» **TASK BRIEF**
Only the lines below, from the one with "Then do the" through the one with "Did you know?", are to be written out, exactly.

[EXERCISE DATA — start]

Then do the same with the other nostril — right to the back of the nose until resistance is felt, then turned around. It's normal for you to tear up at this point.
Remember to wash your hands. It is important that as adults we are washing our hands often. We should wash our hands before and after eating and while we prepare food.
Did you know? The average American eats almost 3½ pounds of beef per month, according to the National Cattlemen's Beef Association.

[EXERCISE DATA — finish]
[EXERCISE DATA — start]

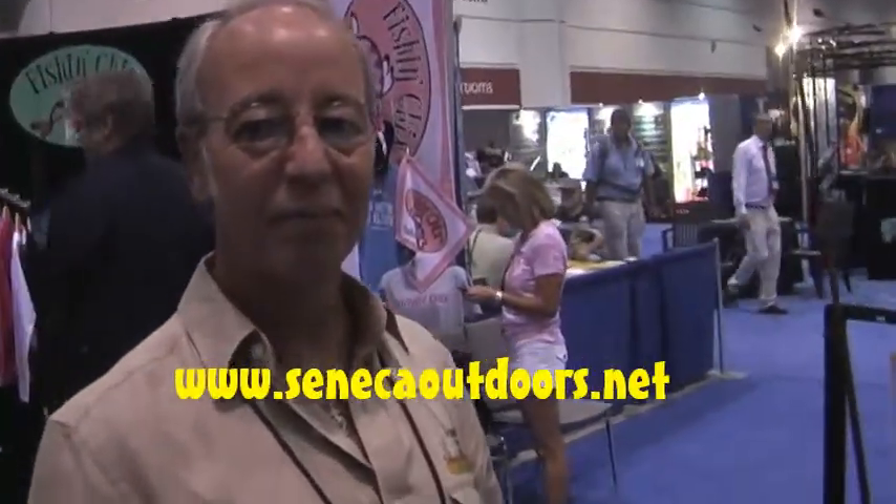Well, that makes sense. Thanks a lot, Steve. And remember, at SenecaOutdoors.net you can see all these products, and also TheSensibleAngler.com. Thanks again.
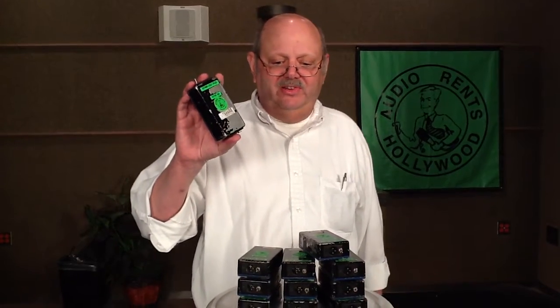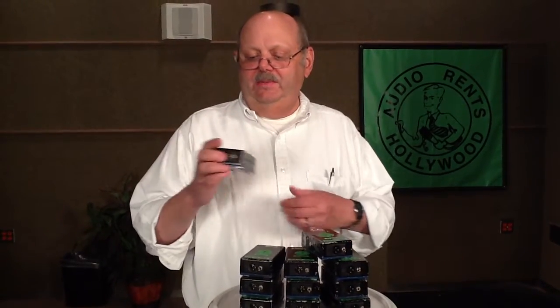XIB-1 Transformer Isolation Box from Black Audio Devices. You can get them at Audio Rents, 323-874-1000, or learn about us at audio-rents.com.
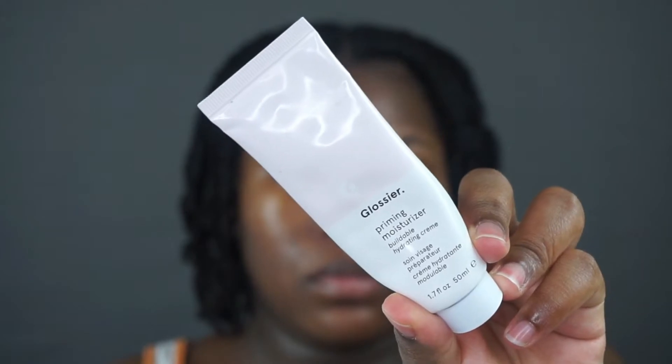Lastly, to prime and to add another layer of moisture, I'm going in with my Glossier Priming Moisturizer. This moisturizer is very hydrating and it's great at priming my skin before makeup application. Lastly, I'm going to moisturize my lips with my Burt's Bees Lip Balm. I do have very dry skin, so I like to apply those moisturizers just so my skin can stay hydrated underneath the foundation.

[EXERCISE DATA — finish]

» **RESPONSE AREA**
Then do the same with the other nostril — right to the back of the nose until resistance is felt, then turned around. It's normal for you to tear up at this point.
Remember to wash your hands. It is important that as adults we are washing our hands often. We should wash our hands before and after eating and while we prepare food.
Did you know? The average American eats almost 3½ pounds of beef per month, according to the National Cattlemen's Beef Association.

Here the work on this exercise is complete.